In v2, the Hot and Critical states will actively enforce backpressure:
- Hot (0.85--0.95): New writes will block until temperature drops or a timeout is reached.
- Critical (0.95--1.0): Query admission will be restricted.
Behavior Interactions
The four v1 behaviors form an interconnected system:
Colony Temperature → Temperature reporting → Informs ingest decisions
↑ │
│ ↓
Mason Chambers → Memory isolation → Prevents cascading OOM
↑ │
│ ↓
Leafcutter Sizing → Right-sized cells → Fits in chamber budget
↑ │
│ ↓
Abandonment → Failed task cleanup → Frees bee capacity
│ │
└─────────── Lowers temperature ←─────────┘
Temperature rises when bees are busy. If a task fails repeatedly and is abandoned, it frees the bee, which lowers temperature. Leafcutter sizing ensures cells fit within mason chambers. Temperature reporting enables applications to implement their own backpressure logic in v1; active enforcement is planned for v2.
v2 and Beyond
v2 will expand the behavioral model to 20 behaviors, including:
- Waggle Dance -- Quality-weighted task distribution based on data locality and worker performance
- Three-Tier Workers -- Employed (cached data), Onlooker (available capacity), Scout (new data discovery) roles
- Pheromone Signalling -- Distributed backpressure via gossip
- Nectar Ripening -- Streaming ingestion pipeline (raw data → validated → committed)

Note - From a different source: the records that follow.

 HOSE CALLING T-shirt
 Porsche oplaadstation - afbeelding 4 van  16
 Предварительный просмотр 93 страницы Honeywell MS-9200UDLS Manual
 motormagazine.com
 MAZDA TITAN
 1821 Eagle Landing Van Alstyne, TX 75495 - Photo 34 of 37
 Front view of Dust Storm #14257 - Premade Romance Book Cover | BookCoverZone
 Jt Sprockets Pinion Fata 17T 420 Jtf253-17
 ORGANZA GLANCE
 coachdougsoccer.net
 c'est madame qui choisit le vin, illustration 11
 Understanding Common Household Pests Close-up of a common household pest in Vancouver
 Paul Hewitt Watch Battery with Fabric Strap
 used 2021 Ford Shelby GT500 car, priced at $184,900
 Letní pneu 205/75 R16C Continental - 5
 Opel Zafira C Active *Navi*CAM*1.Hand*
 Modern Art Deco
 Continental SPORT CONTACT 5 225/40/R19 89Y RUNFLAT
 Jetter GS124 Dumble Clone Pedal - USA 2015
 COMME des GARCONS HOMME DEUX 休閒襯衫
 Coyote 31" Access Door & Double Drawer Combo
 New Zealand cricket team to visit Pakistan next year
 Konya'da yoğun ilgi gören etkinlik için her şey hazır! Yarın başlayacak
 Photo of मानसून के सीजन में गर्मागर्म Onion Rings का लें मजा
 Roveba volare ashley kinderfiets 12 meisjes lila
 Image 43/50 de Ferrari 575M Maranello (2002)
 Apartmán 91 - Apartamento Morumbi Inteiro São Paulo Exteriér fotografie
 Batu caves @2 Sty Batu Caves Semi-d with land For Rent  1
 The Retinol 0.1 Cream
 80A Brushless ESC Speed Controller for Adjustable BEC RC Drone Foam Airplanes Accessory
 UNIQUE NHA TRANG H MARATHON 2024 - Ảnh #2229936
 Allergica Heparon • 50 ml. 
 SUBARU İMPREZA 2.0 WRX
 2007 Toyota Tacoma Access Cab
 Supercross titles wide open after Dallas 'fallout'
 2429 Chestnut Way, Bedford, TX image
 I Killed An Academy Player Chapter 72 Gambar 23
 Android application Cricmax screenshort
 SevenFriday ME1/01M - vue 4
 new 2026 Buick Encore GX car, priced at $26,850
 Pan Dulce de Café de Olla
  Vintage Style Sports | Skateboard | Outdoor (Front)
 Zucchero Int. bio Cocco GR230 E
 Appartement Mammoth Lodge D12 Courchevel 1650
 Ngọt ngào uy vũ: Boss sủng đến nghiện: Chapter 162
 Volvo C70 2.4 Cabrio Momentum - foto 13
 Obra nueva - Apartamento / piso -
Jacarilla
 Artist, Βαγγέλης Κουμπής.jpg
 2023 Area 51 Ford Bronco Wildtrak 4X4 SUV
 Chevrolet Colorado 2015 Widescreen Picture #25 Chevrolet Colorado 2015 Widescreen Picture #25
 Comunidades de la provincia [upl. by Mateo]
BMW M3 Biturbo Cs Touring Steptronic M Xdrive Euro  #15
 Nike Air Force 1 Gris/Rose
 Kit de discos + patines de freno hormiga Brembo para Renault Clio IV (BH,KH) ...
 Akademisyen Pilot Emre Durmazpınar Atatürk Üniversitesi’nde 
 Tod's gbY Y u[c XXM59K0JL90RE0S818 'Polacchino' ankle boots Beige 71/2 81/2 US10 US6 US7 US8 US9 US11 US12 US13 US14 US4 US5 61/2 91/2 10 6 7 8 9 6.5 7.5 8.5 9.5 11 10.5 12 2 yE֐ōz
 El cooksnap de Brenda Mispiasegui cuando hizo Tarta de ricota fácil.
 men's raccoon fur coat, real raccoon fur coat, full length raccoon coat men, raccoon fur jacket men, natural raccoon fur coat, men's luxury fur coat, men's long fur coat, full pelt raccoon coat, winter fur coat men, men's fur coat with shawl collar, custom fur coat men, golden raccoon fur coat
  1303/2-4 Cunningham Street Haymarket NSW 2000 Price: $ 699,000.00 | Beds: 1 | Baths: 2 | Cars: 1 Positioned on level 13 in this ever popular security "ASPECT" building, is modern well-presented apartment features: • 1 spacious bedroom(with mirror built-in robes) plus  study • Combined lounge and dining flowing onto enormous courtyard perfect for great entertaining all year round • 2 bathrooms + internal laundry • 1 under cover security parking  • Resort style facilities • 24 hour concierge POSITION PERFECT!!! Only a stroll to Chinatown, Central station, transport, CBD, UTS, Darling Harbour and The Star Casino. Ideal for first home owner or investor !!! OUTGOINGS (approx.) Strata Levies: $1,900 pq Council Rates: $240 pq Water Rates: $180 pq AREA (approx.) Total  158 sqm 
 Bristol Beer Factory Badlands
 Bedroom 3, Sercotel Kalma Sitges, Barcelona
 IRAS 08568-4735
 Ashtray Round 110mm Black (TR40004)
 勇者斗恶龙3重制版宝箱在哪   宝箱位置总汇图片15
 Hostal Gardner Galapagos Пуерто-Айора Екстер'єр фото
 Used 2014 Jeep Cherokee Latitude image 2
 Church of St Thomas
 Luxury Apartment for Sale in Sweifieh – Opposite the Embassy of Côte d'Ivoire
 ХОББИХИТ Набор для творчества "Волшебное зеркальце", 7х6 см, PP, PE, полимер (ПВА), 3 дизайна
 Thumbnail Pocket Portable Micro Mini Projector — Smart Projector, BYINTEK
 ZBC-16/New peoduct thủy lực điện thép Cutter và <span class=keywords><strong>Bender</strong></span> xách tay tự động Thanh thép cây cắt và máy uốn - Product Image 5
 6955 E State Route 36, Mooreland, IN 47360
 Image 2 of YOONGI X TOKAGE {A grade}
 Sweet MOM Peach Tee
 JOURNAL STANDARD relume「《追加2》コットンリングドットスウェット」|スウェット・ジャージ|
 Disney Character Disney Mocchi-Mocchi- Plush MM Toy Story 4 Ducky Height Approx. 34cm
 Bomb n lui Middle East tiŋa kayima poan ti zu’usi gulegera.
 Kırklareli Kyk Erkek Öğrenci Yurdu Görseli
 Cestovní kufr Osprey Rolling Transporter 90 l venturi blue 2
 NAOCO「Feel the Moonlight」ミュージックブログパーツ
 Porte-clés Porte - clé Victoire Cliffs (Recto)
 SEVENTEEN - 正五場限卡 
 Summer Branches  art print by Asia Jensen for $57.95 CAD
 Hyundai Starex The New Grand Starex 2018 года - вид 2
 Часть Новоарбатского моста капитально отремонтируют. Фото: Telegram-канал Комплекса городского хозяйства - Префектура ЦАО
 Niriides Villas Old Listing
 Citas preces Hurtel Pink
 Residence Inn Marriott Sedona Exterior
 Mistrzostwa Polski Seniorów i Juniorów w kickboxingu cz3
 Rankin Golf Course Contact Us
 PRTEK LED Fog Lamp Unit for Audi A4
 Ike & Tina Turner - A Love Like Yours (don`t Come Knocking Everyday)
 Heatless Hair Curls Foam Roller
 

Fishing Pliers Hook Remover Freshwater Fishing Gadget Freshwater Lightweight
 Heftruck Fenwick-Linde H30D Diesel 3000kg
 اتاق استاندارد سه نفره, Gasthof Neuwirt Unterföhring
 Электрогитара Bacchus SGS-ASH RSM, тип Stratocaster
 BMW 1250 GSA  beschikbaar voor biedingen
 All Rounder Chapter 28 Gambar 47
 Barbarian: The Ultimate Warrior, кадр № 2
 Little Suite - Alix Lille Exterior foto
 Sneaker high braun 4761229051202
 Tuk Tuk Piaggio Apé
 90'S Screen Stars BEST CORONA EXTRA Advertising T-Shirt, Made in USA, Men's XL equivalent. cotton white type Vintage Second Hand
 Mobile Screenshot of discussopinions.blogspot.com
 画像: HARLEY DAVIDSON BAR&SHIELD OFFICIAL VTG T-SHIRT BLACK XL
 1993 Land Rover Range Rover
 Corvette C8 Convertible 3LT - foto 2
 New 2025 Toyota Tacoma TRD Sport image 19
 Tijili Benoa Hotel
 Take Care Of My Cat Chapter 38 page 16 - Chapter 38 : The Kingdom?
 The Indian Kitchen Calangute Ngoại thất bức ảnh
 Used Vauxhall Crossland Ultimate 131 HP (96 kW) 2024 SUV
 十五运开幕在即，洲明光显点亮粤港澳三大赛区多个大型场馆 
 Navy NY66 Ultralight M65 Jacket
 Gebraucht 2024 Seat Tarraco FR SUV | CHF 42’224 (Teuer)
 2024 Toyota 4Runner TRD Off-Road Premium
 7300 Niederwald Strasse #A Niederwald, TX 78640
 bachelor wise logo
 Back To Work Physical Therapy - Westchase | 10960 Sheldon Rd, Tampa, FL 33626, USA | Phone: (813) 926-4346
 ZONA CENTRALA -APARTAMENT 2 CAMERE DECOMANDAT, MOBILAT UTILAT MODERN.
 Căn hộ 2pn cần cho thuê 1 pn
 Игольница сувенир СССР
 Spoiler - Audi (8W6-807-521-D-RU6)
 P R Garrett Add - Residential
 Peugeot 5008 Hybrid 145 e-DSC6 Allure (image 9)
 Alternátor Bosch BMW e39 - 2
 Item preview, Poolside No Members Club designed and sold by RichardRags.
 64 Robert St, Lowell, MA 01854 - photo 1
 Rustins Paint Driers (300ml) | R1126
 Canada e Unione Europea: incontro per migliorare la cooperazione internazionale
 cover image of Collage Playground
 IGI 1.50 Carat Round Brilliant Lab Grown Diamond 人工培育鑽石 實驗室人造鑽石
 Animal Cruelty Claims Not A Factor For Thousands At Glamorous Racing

- Queen Substance -- Configuration propagation across the swarm
- Drone Assembly -- Dedicated high-memory bees for large aggregations
- Robber Detection -- Anomalous access pattern detection
- Hibernation -- Power-saving mode for idle nodes
These behaviors are documented in the architecture design but not yet implemented. See Roadmap.